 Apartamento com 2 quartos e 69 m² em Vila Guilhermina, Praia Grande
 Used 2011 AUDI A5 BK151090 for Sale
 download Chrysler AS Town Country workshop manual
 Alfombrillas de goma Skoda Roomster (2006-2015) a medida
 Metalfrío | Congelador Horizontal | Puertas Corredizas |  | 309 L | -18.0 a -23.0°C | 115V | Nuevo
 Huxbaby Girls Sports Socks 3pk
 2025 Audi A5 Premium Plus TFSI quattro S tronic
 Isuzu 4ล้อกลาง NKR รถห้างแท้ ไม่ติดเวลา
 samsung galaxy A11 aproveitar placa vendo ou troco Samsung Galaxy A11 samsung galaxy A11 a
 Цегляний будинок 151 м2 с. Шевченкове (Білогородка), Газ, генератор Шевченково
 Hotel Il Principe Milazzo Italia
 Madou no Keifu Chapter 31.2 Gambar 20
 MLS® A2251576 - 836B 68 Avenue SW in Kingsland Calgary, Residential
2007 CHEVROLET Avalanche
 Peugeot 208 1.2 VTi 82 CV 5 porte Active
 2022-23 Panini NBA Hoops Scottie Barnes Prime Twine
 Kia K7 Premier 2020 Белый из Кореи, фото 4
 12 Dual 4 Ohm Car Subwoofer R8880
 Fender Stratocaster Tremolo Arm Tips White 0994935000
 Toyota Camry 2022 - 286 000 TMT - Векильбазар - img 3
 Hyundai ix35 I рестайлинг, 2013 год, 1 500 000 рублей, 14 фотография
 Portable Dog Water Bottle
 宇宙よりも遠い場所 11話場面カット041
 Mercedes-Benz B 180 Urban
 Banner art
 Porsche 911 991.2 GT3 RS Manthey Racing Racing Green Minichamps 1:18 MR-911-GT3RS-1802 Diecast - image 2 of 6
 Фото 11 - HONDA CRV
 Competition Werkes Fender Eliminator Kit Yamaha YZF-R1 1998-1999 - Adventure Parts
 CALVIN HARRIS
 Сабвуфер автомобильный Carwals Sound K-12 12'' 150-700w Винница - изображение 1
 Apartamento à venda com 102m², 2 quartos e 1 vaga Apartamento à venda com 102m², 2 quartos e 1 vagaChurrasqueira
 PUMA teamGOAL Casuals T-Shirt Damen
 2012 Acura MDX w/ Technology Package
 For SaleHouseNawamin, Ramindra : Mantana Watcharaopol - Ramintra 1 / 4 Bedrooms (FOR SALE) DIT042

__What you need to do__. All lines above holding the word "quartos" make up the answer; copy each one.

__Exercise solution__.
 Apartamento com 2 quartos e 69 m² em Vila Guilhermina, Praia Grande
 Apartamento à venda com 102m², 2 quartos e 1 vaga Apartamento à venda com 102m², 2 quartos e 1 vagaChurrasqueira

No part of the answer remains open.